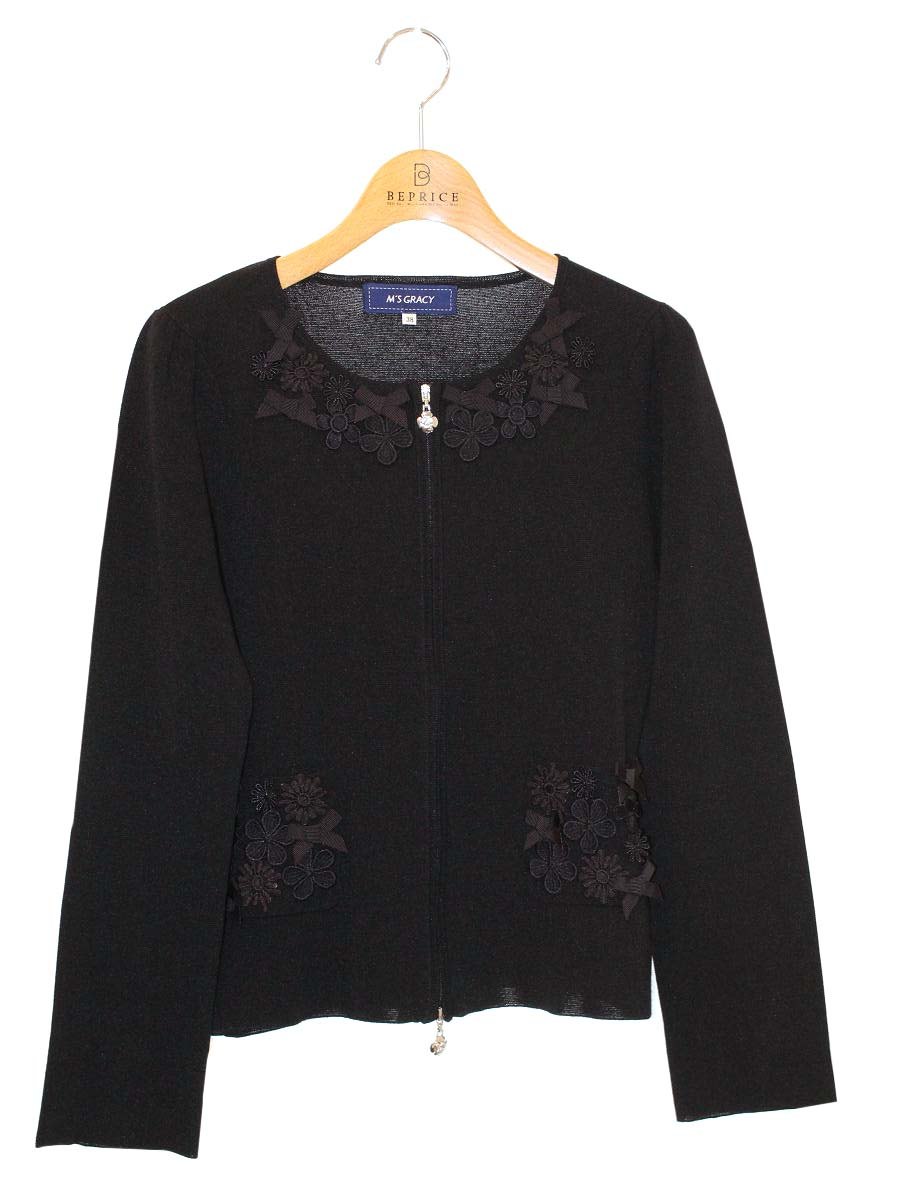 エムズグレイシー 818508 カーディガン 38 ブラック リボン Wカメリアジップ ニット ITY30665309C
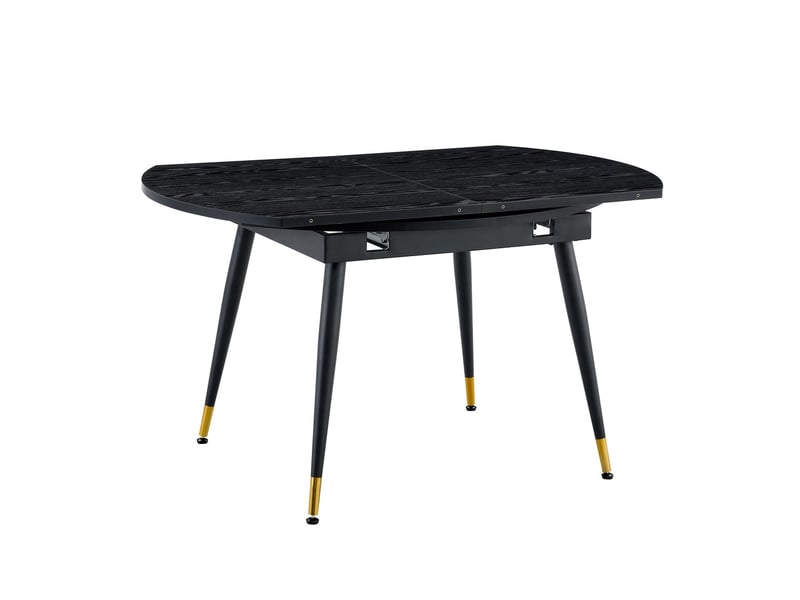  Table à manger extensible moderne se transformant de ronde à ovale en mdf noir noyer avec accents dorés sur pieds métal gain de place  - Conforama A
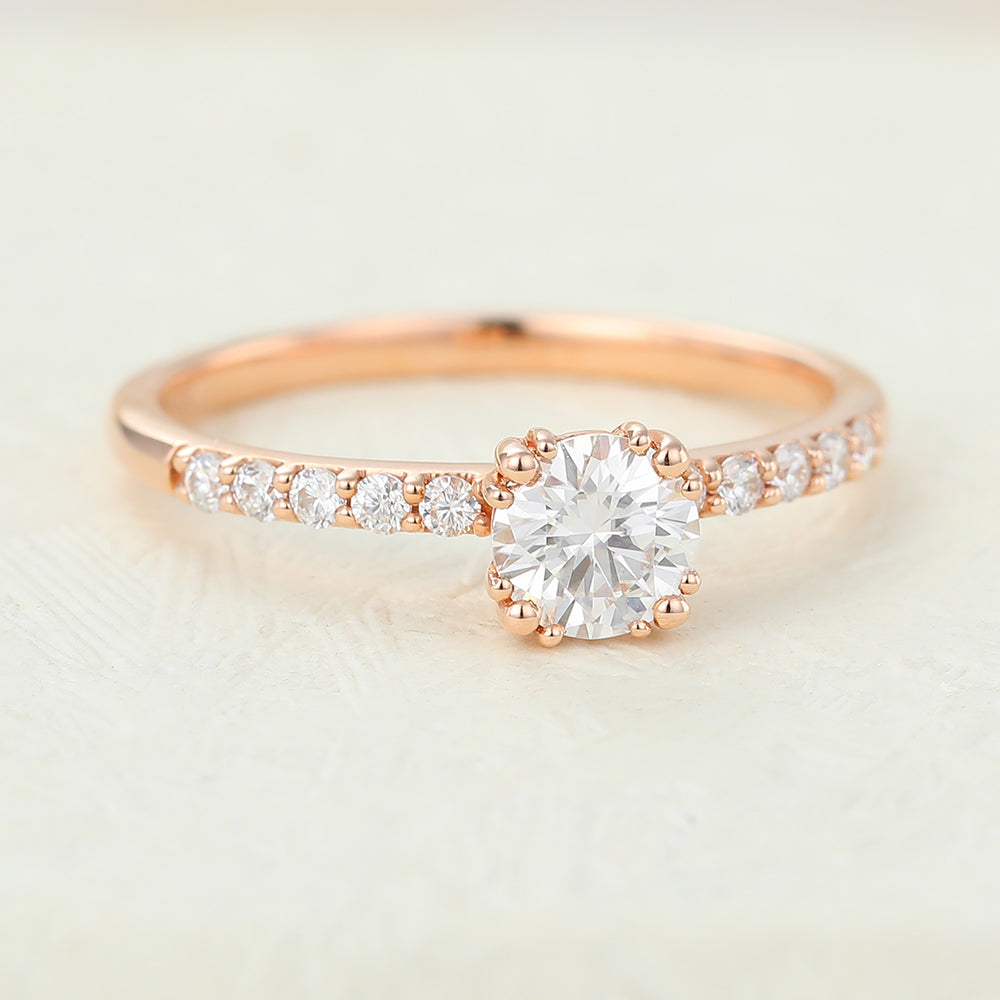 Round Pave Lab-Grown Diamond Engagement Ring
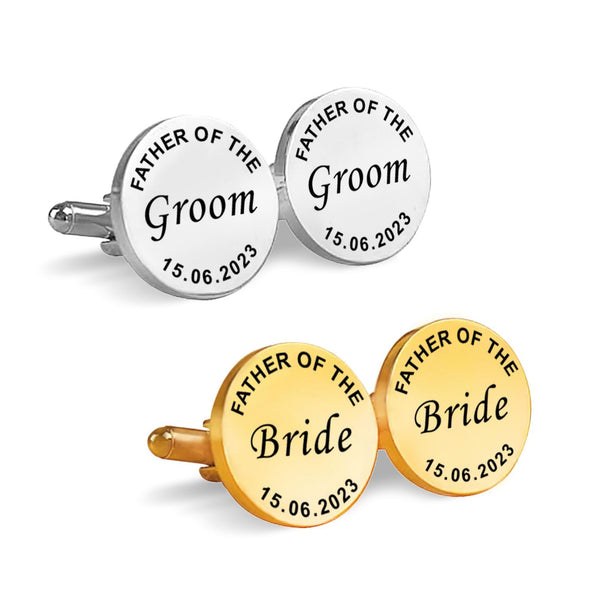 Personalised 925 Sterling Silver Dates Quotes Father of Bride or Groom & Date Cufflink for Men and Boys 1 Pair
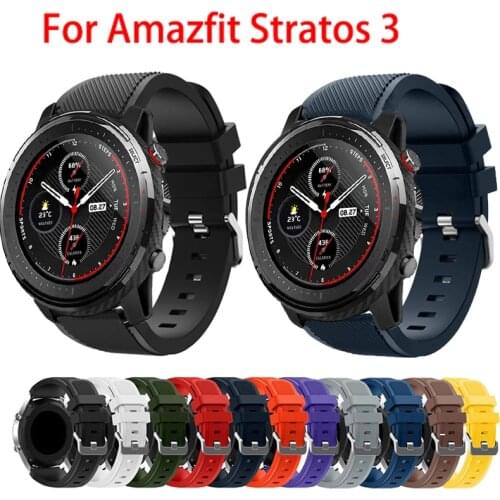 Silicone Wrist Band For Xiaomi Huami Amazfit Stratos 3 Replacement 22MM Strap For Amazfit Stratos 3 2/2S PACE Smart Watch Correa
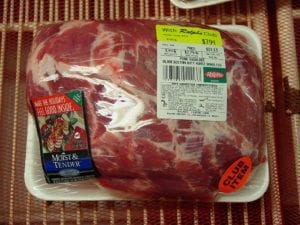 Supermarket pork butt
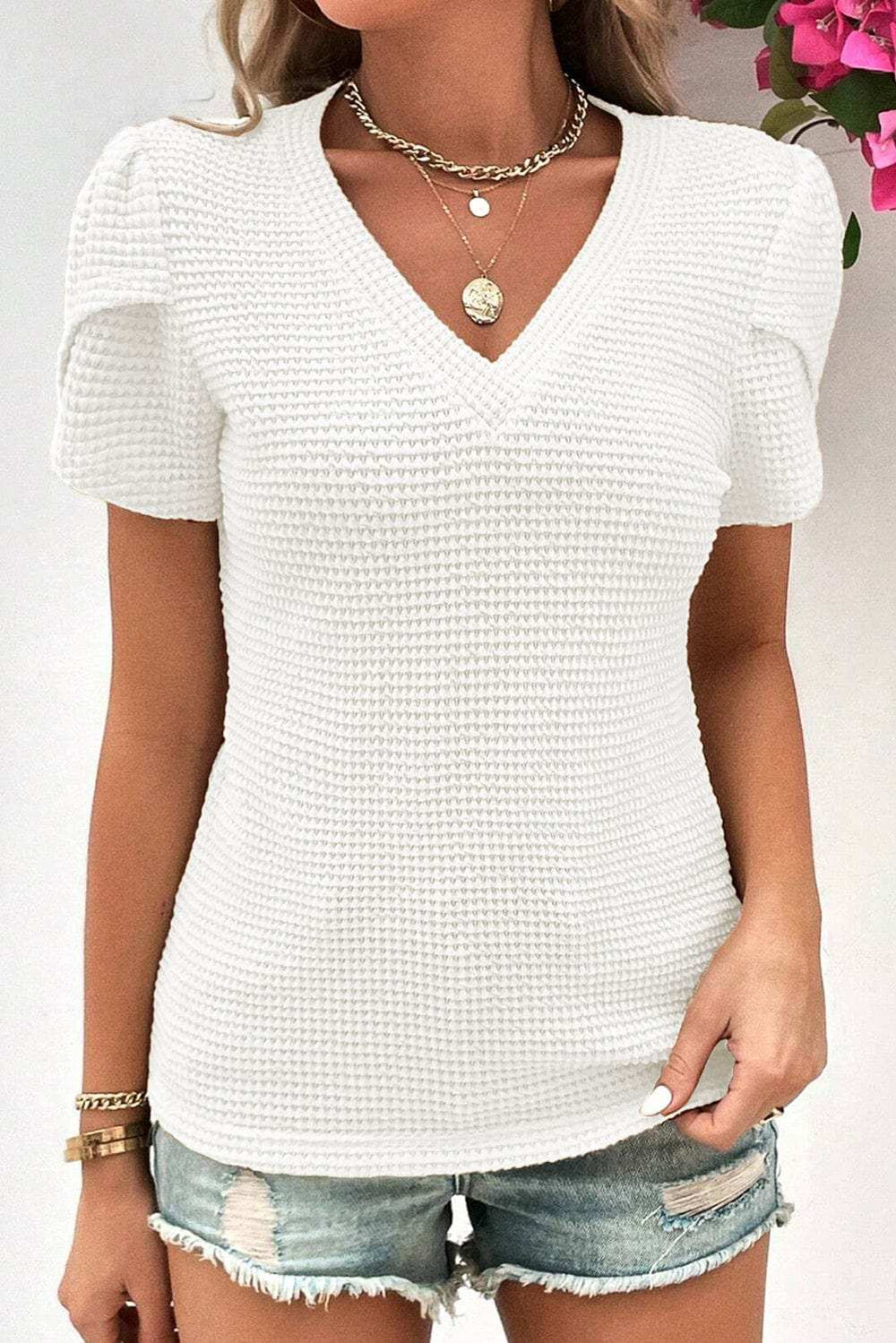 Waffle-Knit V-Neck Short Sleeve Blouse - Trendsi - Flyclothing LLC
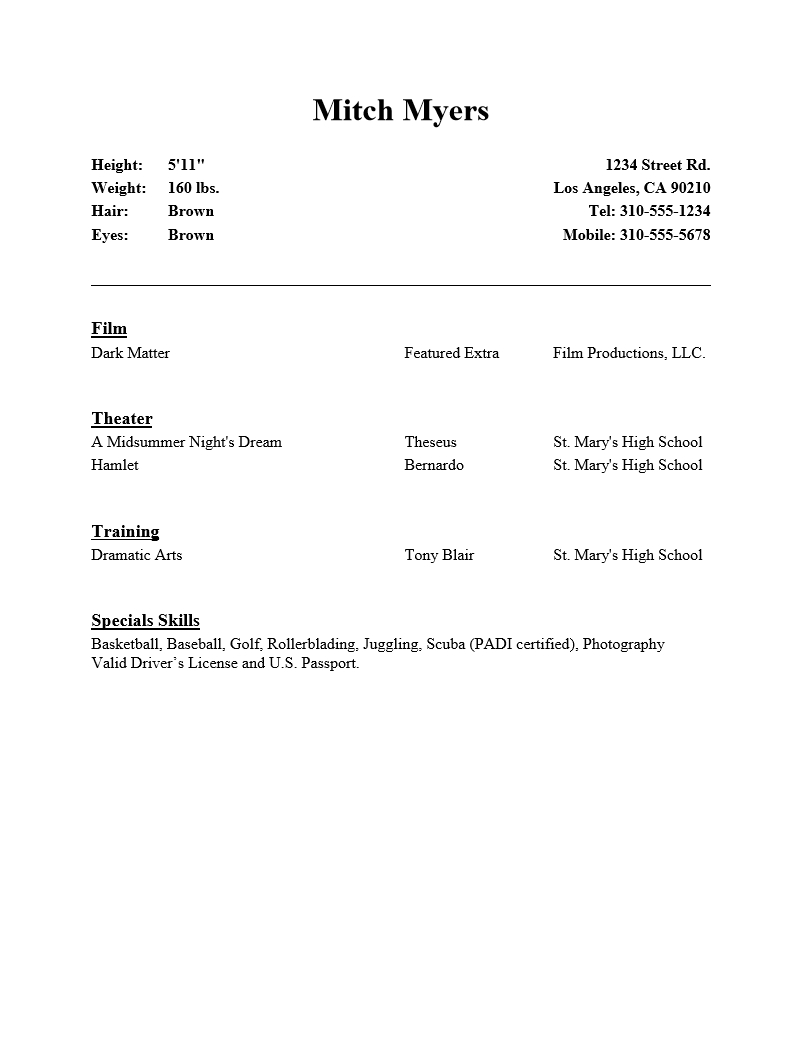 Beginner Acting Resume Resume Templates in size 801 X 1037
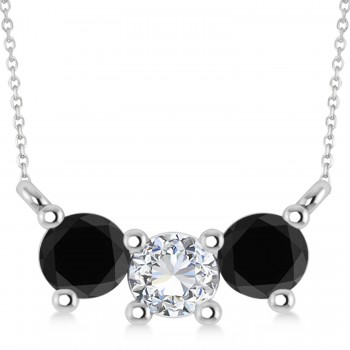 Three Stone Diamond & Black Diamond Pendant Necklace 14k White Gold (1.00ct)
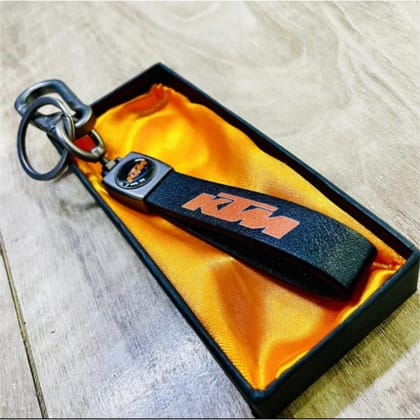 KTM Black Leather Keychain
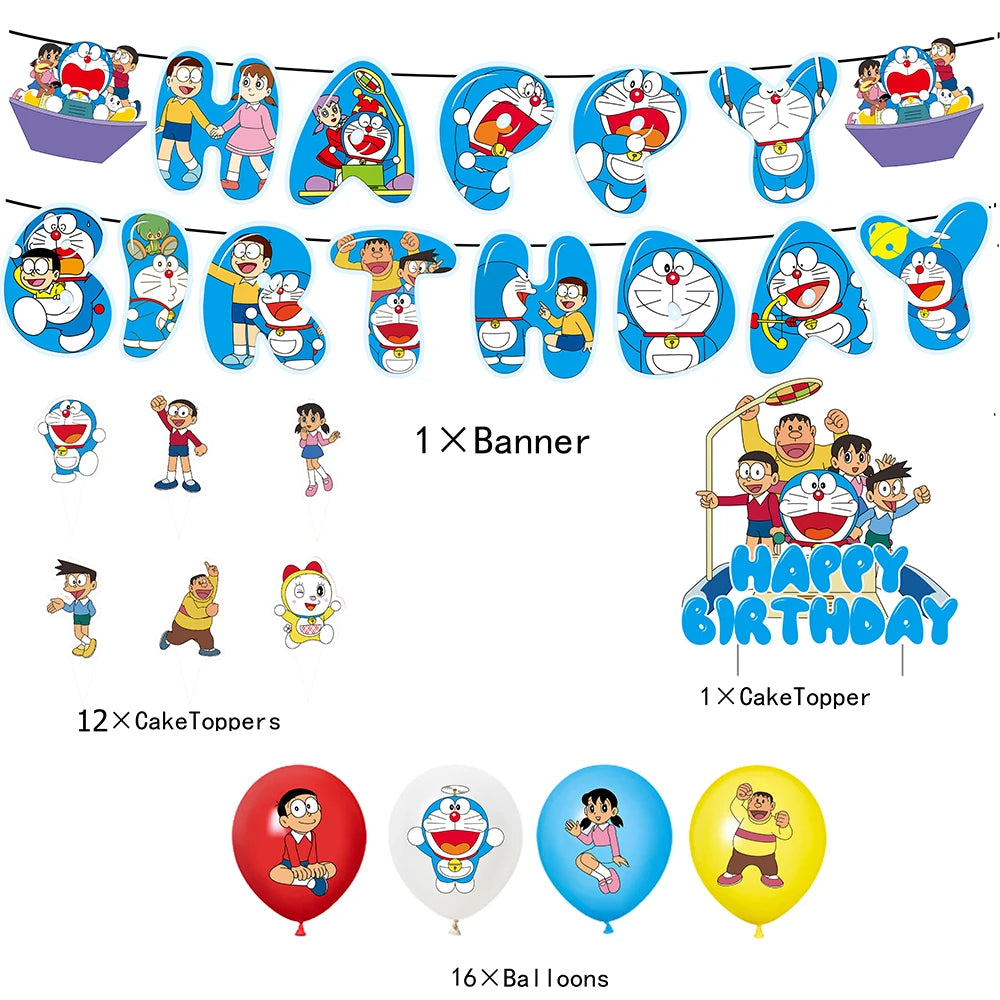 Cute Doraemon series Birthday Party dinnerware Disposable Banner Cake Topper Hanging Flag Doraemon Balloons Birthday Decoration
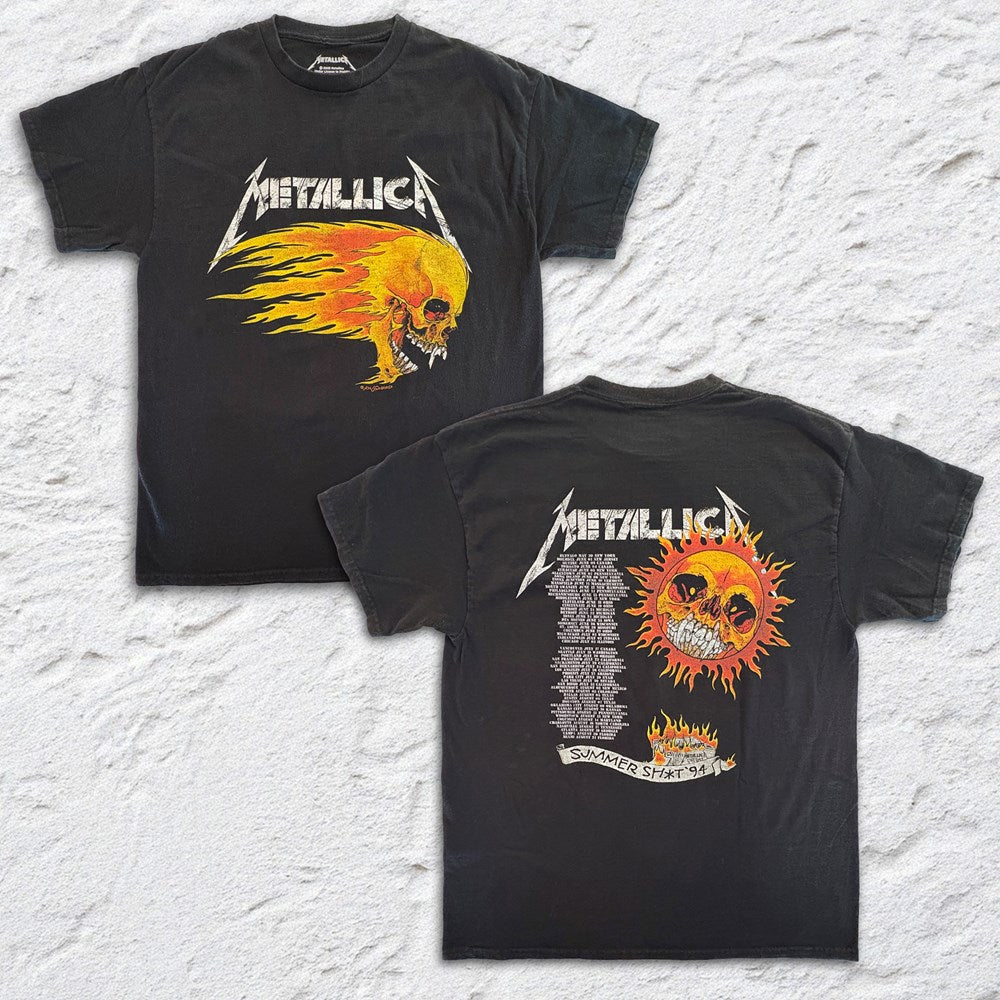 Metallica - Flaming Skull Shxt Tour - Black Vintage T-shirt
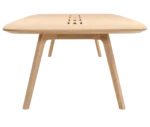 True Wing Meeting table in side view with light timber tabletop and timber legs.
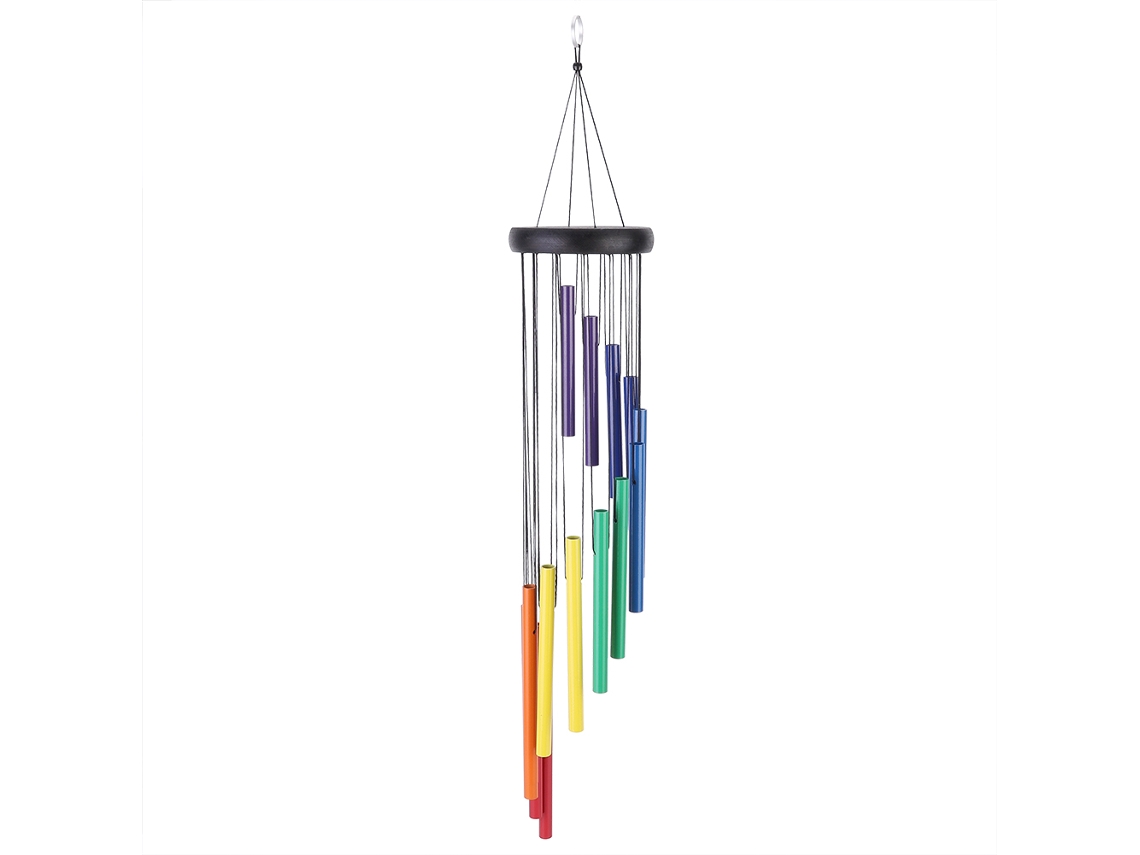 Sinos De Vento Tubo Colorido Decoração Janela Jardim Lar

------------------------------------------------------------------------

## Work required
Your answer should be the lines above, word for word, from the line with "Table à manger" through the line with "Metallica - Flaming", minus the pictures.

## Problem solution
  Table à manger extensible moderne se transformant de ronde à ovale en mdf noir noyer avec accents dorés sur pieds métal gain de place  - Conforama A
 Round Pave Lab-Grown Diamond Engagement Ring
 Personalised 925 Sterling Silver Dates Quotes Father of Bride or Groom & Date Cufflink for Men and Boys 1 Pair
 Silicone Wrist Band For Xiaomi Huami Amazfit Stratos 3 Replacement 22MM Strap For Amazfit Stratos 3 2/2S PACE Smart Watch Correa
 Supermarket pork butt
 Waffle-Knit V-Neck Short Sleeve Blouse - Trendsi - Flyclothing LLC
 Beginner Acting Resume Resume Templates in size 801 X 1037
 Three Stone Diamond & Black Diamond Pendant Necklace 14k White Gold (1.00ct)
 KTM Black Leather Keychain
 Cute Doraemon series Birthday Party dinnerware Disposable Banner Cake Topper Hanging Flag Doraemon Balloons Birthday Decoration
 Metallica - Flaming Skull Shxt Tour - Black Vintage T-shirt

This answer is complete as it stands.